Being married tends to further social engagement and emotional support, both known cognitive-decline fighters, according to senior author Dr. Nancy Donovan, of the Division of Geriatric Psychiatry at the Brigham and Women's Hospital, adding that beyond the loss of the social and emotional connections, the “loss of a spouse is a highly stressful life event which can have deleterious effects on the brain.”
The study used PET scans to measure β-amyloid levels in 260 cognitively unimpaired adults ages 62 to 89 — 153 women and 107 men — separated into married, widowed and unmarried groups.
No difference was found in brain functioning of the married and unmarried, but widows had more cognitive decline regardless of other factors such as age, socioeconomics or mental status — “being widowed was associated with accelerated β-amyloid–related cognitive decline during 3 years,” the study found.
The research suggests that the physiological impact of widowhood warrants further investigation.
“Our findings also suggest that researchers engaged in Alzheimer's disease prevention trials may want to pay particular attention to widowed older adults to tailor interventions for this especially susceptible group of patients,” advised the researchers.
PET scans used for Alzheimer's diagnosis were in the news in late January, when Alzheimer's researchers and patient advocates gathered in Washington for a briefing in support passage of the Medicare Diagnostic Radiopharmaceutical Payment Equity Act of 2019, also known as H.R. 3772, which would expand patient access to amyloid PET imaging for diagnosing, researching and treating Alzheimer's.
The briefing was hosted by the Medical Imaging and Technology Alliance (MITA), along with the Council on Radionuclides and Radiopharmaceuticals Inc. (CORAR), and the Society of Nuclear Medicine and Molecular Imaging (SNMMI).
Geri Taylor, a healthcare executive with Alzheimer's, who advocates for increased participation in Alzheimer's clinical trials, spoke about participating in a clinical trial for the drug Biogen, after a confirmed diagnosis with an amyloid PET scan.
"When the PET results were positive, I knew definitively I had Alzheimer's," Geri Taylor, a healthcare executive with Alzheimer's and advocate for greater Alzheimer's drug trials participation, explained, noting that, “the daily uncertainty of my life was resolved. Only individuals with positive PET scans were admitted to clinical trials. Before, they were admitted only based on symptoms. We now know the results of older trials were corrupted by participants who didn't actually have the disease.”
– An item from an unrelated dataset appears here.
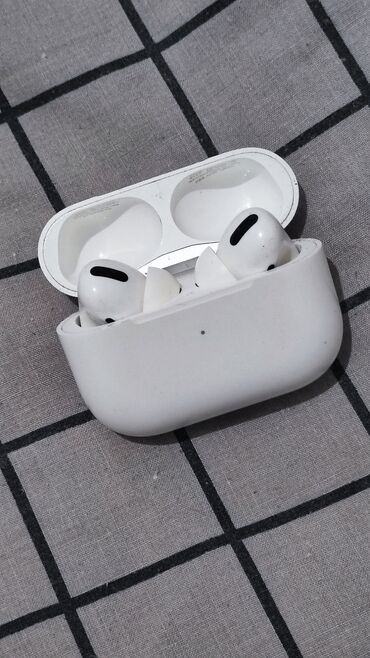аирподс про 1 поколения цена: Вакуумные, Apple, Б/у, Беспроводные (Bluetooth), Для занятий спортом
This latest study is not the only one to look at the links between married status and dementia risk. In 2018, a meta-analysis by U.K. and European researchers of 15 studies, published in the British Medical Journal, found that “being married is associated with reduced risk of dementia [compared with] widowed and lifelong single people, who are also underdiagnosed in routine clinical practice,” as noted by first author Dr. Andrew Summerlad of the University College London Division of Psychiatry, adding that, “dementia prevention in unmarried people should focus on education and physical health, and should consider the possible effect of social engagement as a modifiable risk factor.”